İngiltere'ye bir de böyle bakın!

Video yükleniyor...

İngilizlerin üç büyük icadı vardır; sütlü çay, brownie ve futbol.

İngiltere ilk milli maçını 1872’de İskoçya’ya karşı oynadı. İlk 7 maçının tamamı İskoçya’yla oynadılar ve 7-2’lik hezimet sonrası artık Galler milli takımı ile oynamaya karar verdiler.

Uzun yıllar yalnızca ada takımlarıyla oynadıktan sonra 1906’da FIFA’ya katıldılar ve ada dışındaki ilk milli maçta Avusturya’yı 6-1 yendiler.

Birinci Dünya savaşı ve İskoçya ile oynanan birkaç maçtan sonra 1920’de Wembley’de ilk maçlarına çıktılar. Elbette İskoçya'ya karşı!

Topunu alıp mahalle maçını bırakmaya karar veren İngilizler, FİFA’dan ayrılınca ilk 3 dünya kupasını kaçırdılar.
Bir dünya savaşından daha sonra, mahallede top oynamaya devam etmek için FIFA’ya geri döndüler.
1950’de ilk kez Dünya Kupasına katıldılar.

Amerika Birleşik Devletleri’ne yenildiler, kimse gözlerine inanamadı.

1960’a kadar İngilizler Dünya Kupasına katılmak istemediler. İlk Avrupa Şampiyonası’na gitmediler. Yazık oldu çünkü Batı Almanya ve İtalya da turnuvaya katılmamıştı, aslında kazanabilirlerdi.

İlk turnuvada ise elemelerde Fransa’ya tosladılar.

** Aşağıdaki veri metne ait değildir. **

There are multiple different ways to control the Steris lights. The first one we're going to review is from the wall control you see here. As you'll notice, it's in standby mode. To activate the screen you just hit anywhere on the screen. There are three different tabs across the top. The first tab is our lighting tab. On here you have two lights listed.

1966 bir sonraki dünya kupasıydı. İngiltere finallere kalmıştı. Batı Almanya ile karşılaştılar, şaşırtıcı bir şekilde yendiler. Bu maç uzatmalarda gelen ve çizgiyi geçip geçmediği yıllar boyunca tartışılan golle hatırlanacaktı.
Teknik direktör Alf Ramsey kahraman oldu.

1970 Dünya kupasında Batı Almanya’ya 3-2 yenilmelerinin ardından 1982’ye kadar dünya kupalarına gitmeyi başaramadılar.
Alf Ramsey gönderildi, İngiltere’nin başına Don Revie geldi ancak o da 1977’de Arap yarımadasının sıcak iklimine doğru yola çıktı.

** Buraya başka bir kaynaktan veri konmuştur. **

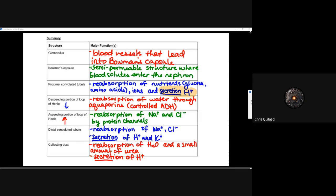The descending portion of the loop of Henle is an interesting component because it is really only responsible for reabsorption of water through aquaporins. The descending loop of Henle has the largest concentration of aquaporins of any part of the nephron — it's really the main source of water reabsorption. The ion components are really handled before and after, not so much in the descending loop of Henle.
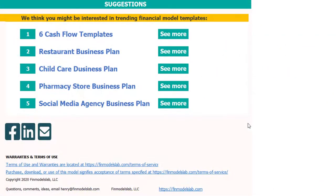I hope you enjoyed my video. Thanks for reviewing this. You can find more on my website finmodelslab.com, and we'll see you in the next videos.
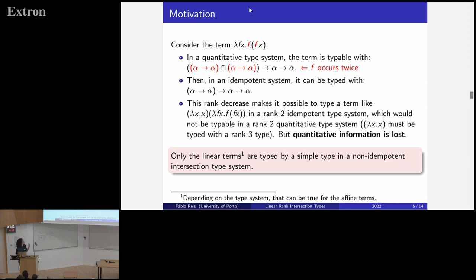This made us realize that only linear terms may be typed with a simple type in a non-idempotent intersection type system. That's easy to see: if a term is linear, the argument occurs only once in the body of the function, so there's no intersection needed, and these are the only terms that can have a simple type in a quantitative type system.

1980’lerde İngiltere birkaç turnuvada boy gösterme şansını bulabilse de pek de iyi oynayamadı. 1986 Dünya Kupası’nda Arjantin’e karşı çeyrek final ise yine unutulmaz olacaktı.

Ve 1990’lar… Futbol evine dönüyordu… Almanya’ya!

Bobby Robson’ın yönetiminde 1990 dünya kupasında yine Batı Almanya’ya kaybettiler, 3.’lükle yetinmek zorunda kaldılar. Yerine gelen Graham Taylor, Dünya kupası elemeleri geçemeyince yollar ayrıldı. Sıra Terry Venables’teydi.  1996 Avrupa şampiyonasında, geleneği devam ettirip Almanya’ya yenildi. Parada anlaşamayınca, görevi bıraktı. Glenn Hoddle, 1998 Dünya Kupası’ndaki Arjantin yenilgisini “Karma” ile açıkladığı ilginç basın toplantısından sonra görevine son verildi. Kevin Keegan iyi başlamıştı ancak istifa etti; Almanya’ya yenilmişti.

Almanya’ya yenilme sorununu çözemeyen İngilizler, yabancı teknik direktör getirdi; Swen Goran Eriksson! Birkaç turnuvada berbat oynayan takım, daha çok saha dışında konuşuldu. İngiliz hocalara döndüler. Steve Mcclaren ile anlaştılar. Ancak Euro 2008 elemelerinde aranan İngiltere’ye ulaşılamadı.

Yabancı hocaya dönüldü. Fabio Capello, İngiltere’yi 2010 Dünya Kupası’na götürürken, bir geleneğin yalnızca İngilizlere ait olmadığını da gösterdi; Almanya’ya yenildi.

İngiltere 2012’de Roy Hodgson’ın yönetiminde Almanya’ya yenilmedi; belki de karşılaşmadıkları içindir… 2014 Dünya Kupası’nda, İngilizler Almanlara yenilmemeyi başarabilir mi? Merakla bekleyeceğiz.